Using Harlan in C++ Programs

So far, Harlan programs have primarily existed in a vacuum. You'd compile them, run them, and they might produce some output. Certainly none of them received any input from the outside world. Most of the test cases use small sets of data, and the larger benchmarks generated incredibly synthetic data, like a vector of 16 million ones. My focus has been on building the compiler itself, so this has been a tolerable situation up to this point. However, Harlan is at the point where it needs more realistic applications and it's clear the foreign function interface (FFI) story just won't cut it anymore.

I'm happy to report that it's now possible to pass non-trivial amounts of data from C++ to Harlan. Two new features made this possible. First, there are library functions like unsafe-deref-float and unsafe-set!-float which allow reading and writing from raw pointers. Second, there's a new primitive form called unsafe-vec-ptr which gives a raw pointer to the contents of a vector. These are very low level, but they give us the tools we need to build a reasonably usable FFI. Let's see how to use these to implement a dot product in Harlan and use it from a C++ program.

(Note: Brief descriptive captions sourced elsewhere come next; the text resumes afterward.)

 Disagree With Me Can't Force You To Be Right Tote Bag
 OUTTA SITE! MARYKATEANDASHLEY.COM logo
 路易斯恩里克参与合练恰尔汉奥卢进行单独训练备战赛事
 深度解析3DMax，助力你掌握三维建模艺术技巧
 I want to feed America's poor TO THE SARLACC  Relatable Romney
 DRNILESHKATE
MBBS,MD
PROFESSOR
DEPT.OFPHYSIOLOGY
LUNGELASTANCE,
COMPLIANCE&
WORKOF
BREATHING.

First, we need to write the dot product function. This is pretty short in Harlan.

(module
  (import ffi)

  (define (harlan_dot N pa pb)
    (let ((a (import-float-vec pa N))
          (b (import-float-vec pb N)))
      (reduce + (kernel ((a a) (b b)) (* a b))))))

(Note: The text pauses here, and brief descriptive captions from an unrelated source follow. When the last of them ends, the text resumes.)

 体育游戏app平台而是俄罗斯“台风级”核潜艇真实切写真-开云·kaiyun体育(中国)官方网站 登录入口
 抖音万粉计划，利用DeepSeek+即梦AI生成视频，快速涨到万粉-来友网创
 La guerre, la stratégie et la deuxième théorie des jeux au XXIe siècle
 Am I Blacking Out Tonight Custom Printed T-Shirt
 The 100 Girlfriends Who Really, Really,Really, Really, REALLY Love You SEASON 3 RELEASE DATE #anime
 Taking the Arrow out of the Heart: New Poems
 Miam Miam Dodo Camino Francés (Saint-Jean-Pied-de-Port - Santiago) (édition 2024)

For the most part, this is a straightforward dot product written in Harlan. The main new thing is the call to import-float-vec, which copies a C-style array into a Harlan vector. If you're curious, it's implementation is in ffi.kfc.

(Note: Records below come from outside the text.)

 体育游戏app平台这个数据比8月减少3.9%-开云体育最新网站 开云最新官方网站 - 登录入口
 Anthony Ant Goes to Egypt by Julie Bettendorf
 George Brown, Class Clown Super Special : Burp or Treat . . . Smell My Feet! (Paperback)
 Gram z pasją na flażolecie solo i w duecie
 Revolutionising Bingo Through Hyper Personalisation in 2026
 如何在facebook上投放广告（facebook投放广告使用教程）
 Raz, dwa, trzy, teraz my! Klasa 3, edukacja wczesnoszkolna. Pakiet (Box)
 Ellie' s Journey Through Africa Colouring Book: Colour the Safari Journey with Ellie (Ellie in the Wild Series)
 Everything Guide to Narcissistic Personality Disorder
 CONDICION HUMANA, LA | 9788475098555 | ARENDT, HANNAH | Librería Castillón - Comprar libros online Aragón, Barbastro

Unlike most Harlan programs, this does not define a main function. Instead, we compile it to a shared library by running the following from your Harlan directory.

./harlanc --shared dotprod.kfc

When this is done, you'll have a dotprod.so which you can link to your C++ programs. The harlan_dot function is exposed under the signature float harlan_dot(int N, float *pa, float *pb).

Now, let's plug this function into the dot product benchmark I wrote about previously. Basically, we add a prototype for harlan_dot, then add a call to TIME(harlan_dot) along with the rest of the benchmarks. You can see the full set of changes here. I commented out the CUBLAS version because I ran into runtime errors that I didn't feel like debugging. Below is a graph of how Harlan compares with the other implementations.

Execution time for dot product on 33,554,432 element vectors (shorter bars are better).

Yikes!

Clearly I've got some performance issues to deal with. On the bright side, Harlan runs faster on the GPU than it does on the CPU. I'll be investigating these performance problems soon.

As far as the FFI goes, there are some usability issues that remain too. For example, the Harlan compiler and the code it produces have some relative paths hard coded, which means they must run from the Harlan source directory. These shouldn't be hard to fix. In the meantime, it's now possible to integrate Harlan code into projects written in other languages.